Reputation: 32755
I have two enums in my code:
enum Month {January, February, March, April, May, June, July,
August, September, October, November, December};
enum ShortMonth {Jan, Feb, Mar, Apr, May, Jun, Jul, Aug, Sep, Oct, Nov, Dec};
May
is a common element in both enums, so the compiler says:
Redeclaration of enumerator '
May
'.
Why does it say so? And how can I circumvent this?
Upvotes: 39
Views: 28665
Reputation: 180500
In C++11 you can use scoped enumerations to fix this this. This will remove the names from the global scope and scope them to the enum name.
enum class Identity
{
UNKNOWN = 1,
CHECKED = 2,
UNCHECKED =3
};
enum class Status
{
UNKNOWN = 0,
PENDING = 1,
APPROVED = 2,
UNAPPROVED =3
};
int main ()
{
Identity::UNKNOWN;
Status::UNKNOW;
}
Upvotes: 9
Reputation: 11
typedef enum {Jan, January, Feb, February, Mar, March, Apr, April, May, Jun, June, Jul, July,
Aug, August, Sep, September, Oct, October, Nov, November, Dec, December} Month,ShortMonth;
Merge them become one
Upvotes: -4
Reputation: 8053
In C++, to avoid name clashing you could wrap your enums into structs:
struct Month { enum {January, February, March, April, May, June, July,
August, September, October, November, December}; };
struct ShortMonth { enum {Jan, Feb, Mar, Apr, May, Jun, Jul, Aug, Sep, Oct, Nov, Dec}; };
Upvotes: 13
Reputation: 76057
My suggestion here is to have just one enum, as they are the same type. If you want short aliases to type less in your code (even if I wouldn't advise you to do so), you can do:
enum Month {
January, Jan = January,
February, Feb = February,
March, Mar = March,
April, Apr = April
May,
June, Jun = June,
July, Jul = July,
...};
And to have different presentation names (short and long), you should have two distinct string arrays that are indexed by the enum.

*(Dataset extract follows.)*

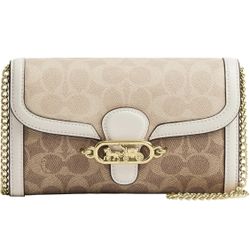BRAND NEW! Coach Jade Chain Crossbody, IM/Tan/Sand/Chalk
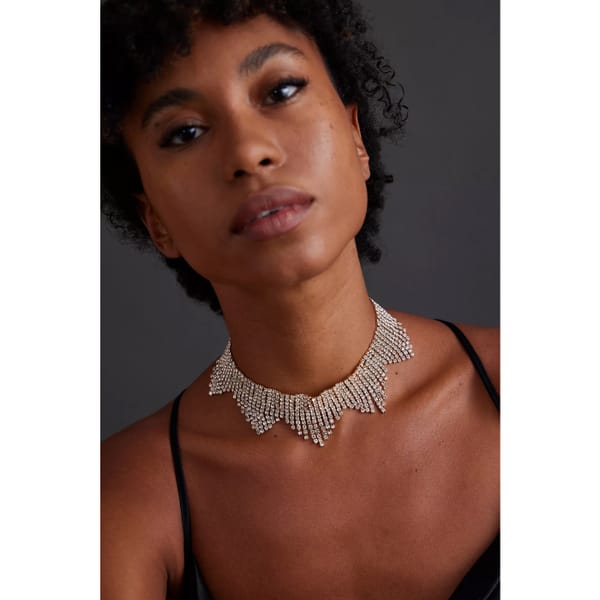 anthropologie Diamante Triangle Choker Necklace - statement necklace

char[MAX_MONTH_NAME_LENGTH][12] month_long_names = {
"January", "February", ...
}
char[3][12] short_long_names = {
"Jan", "Feb", ...
}
printf("month %d long name is %s, and short name is %s\n", May, long_month_names[May], short_month_names[May]);
Upvotes: 3
Reputation: 42872
I suggest you merge the two:
enum Month {
Jan, January=Jan, Feb, February=Feb, Mar, March=Mar,
Apr, April=Apr, May, Jun, June=Jun,
Jul, July=Jul, Aug, August=Aug, Sep, September=Sep,
Oct, October=Oct, Nov, November=Nov, Dec, December=Dec};
Which will have exactly the same effect, and is more convenient.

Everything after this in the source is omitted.